No wonder his Comedy Central tour got called "Medium Man On Campus."
Birbiglia laughed. "The Medium Man returns to his own school and is met with a lukewarm reception! I think I’m going to write about it in my secret public journal."
The 27-year-old Shrewsbury, Mass., native turned his journal entries into a CD, and now an online series for Comedy Central, which also put out his latest CD/DVD, "Two-Drink Mike," in February.
Birbiglia won a comedy contest at Georgetown when he was a sophomore. "But I was never the class clown in school," he said. "The class clown was always a jerk who walked into the room and said, ‘You’re fat! You’re gay! I’m outta here!’ I was always a little fat and a little gay, so I never got along with that guy." That said, he noticed a lot of childhood friends in the audience the last time he performed in Boston.

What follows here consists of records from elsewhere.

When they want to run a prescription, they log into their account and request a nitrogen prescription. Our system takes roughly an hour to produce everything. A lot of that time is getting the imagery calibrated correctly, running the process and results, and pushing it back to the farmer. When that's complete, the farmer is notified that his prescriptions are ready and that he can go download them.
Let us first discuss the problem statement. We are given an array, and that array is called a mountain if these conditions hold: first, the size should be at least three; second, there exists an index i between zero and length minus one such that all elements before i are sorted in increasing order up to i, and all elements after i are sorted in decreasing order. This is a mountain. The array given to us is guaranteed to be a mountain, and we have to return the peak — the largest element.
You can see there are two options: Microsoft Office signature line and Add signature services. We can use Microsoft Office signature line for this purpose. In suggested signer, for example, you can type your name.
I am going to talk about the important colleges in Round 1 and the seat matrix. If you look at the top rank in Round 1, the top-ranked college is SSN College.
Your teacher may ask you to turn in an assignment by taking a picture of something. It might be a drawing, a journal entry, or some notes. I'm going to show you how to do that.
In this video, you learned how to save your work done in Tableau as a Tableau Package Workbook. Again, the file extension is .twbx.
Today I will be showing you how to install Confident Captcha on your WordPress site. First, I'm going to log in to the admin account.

Birbiglia has other talents, too. He took the photograph of him that appears on his CD/DVD cover. His advice for self-portraits? "For starters, camera phones are total garbage. Nobody should take pictures with those," he said. "I use a Canon Elph." He gets a lot of mileage out of his camera. "One, it’s interesting to have a lot of photos. And as a road comic, you tend to forget what you did in your daily life. You don’t even know sometimes. But now, if somebody says, ‘Hey, what’d you do last week?’ I can pull out my laptop and say, ‘Look, I went to San Francisco, and I saw Alcatraz, and I visited Berkeley.’"

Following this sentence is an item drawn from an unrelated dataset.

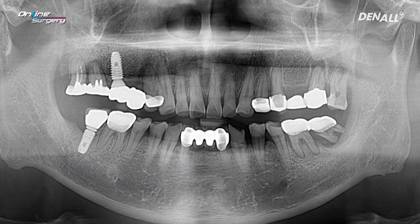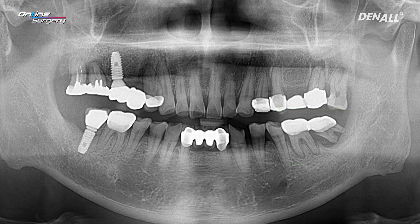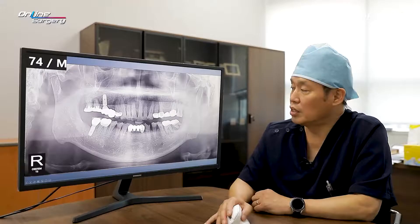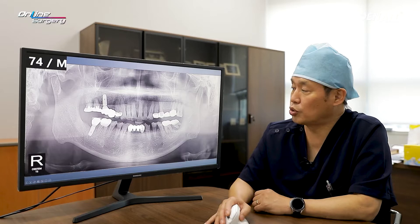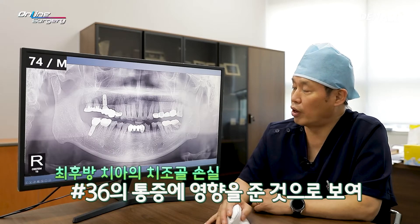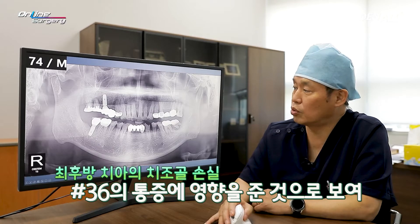I took a panoramic image. Number 36 and the tooth behind it are connected in a bridge — I think number 37 was missing and number 38 was mesially tilted and connected using a bridge. The two teeth are connected as shown. However, complete alveolar bone destruction occurred distally at number 36, and there was mobility and the patient complained of pain.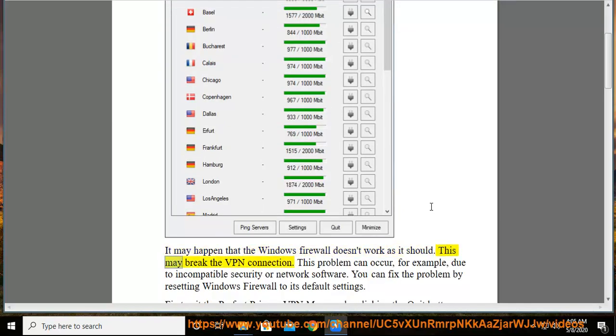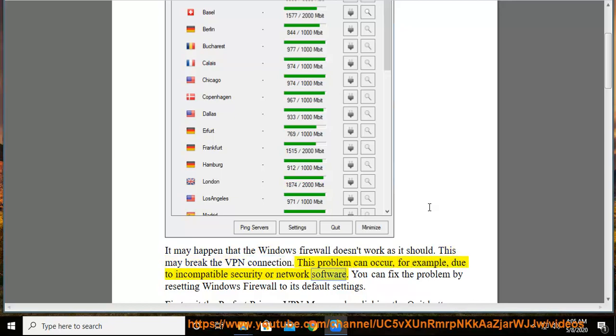This may break the VPN connection. This problem can occur, for example, due to incompatible security or network software. You can fix the problem by resetting Windows Firewall to its default settings.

UPDATED! More from my conversation follows…
The cover photo for "Two Drink Mike" that he obviously took (note his arm and camera in the reflection) not os obviously got snapped in Reno. "I was in Reno, I was doing NACA…I was so bored out of my mind in Reno because I don’t really gamble," Birbiglia told me. "I went for a long walk and I found a trailer park. I took a lot of photos there. I went to the laundromat there and took a lot of photos at the laundromat. It was one of a million photos…someone, I think it was my girlfriend, who said, that photo is really good. It’s a decent photo."

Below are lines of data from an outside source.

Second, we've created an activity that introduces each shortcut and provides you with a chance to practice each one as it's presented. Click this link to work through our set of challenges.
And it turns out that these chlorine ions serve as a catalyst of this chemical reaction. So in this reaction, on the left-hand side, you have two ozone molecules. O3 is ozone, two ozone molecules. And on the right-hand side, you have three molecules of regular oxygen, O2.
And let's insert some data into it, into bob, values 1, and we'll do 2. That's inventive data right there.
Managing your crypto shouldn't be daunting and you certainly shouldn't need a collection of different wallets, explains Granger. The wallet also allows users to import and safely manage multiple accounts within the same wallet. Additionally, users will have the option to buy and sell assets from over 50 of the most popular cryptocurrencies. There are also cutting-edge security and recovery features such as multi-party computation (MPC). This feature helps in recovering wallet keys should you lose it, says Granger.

Birbiglia grew up outside of Boston but really got his start while in college at Georgetown, working the door at the D.C. Improv. "And then, eventually, I developed an act where I felt like I had a half-hour, 45 minutes of material, and moved to New York," he told me. Lucien at The Comic Strip kind of adopted him. "He took me under his wing, gave me a lot of stage time," Birbiglia said. All of that stage time eventually helped him land New Faces at Montreal’s Just For Laughs festival, and that helped him get his first spot on Letterman. He would perform in Boston, though, while home from college breaks. "My brother Joe, who I’m very close with, collaborates with me on a lot of writing," he said. Joe used to go to the Comedy Studio in Harvard Square and introduced Mike to that scene. And when he learned how quickly one can go broke in New York City, Mike moved back with his family on Cape Cod and would perform at the Studio for a summer, entered the Comedy Central Laugh Riots contest, "where I met Eugene Mirman."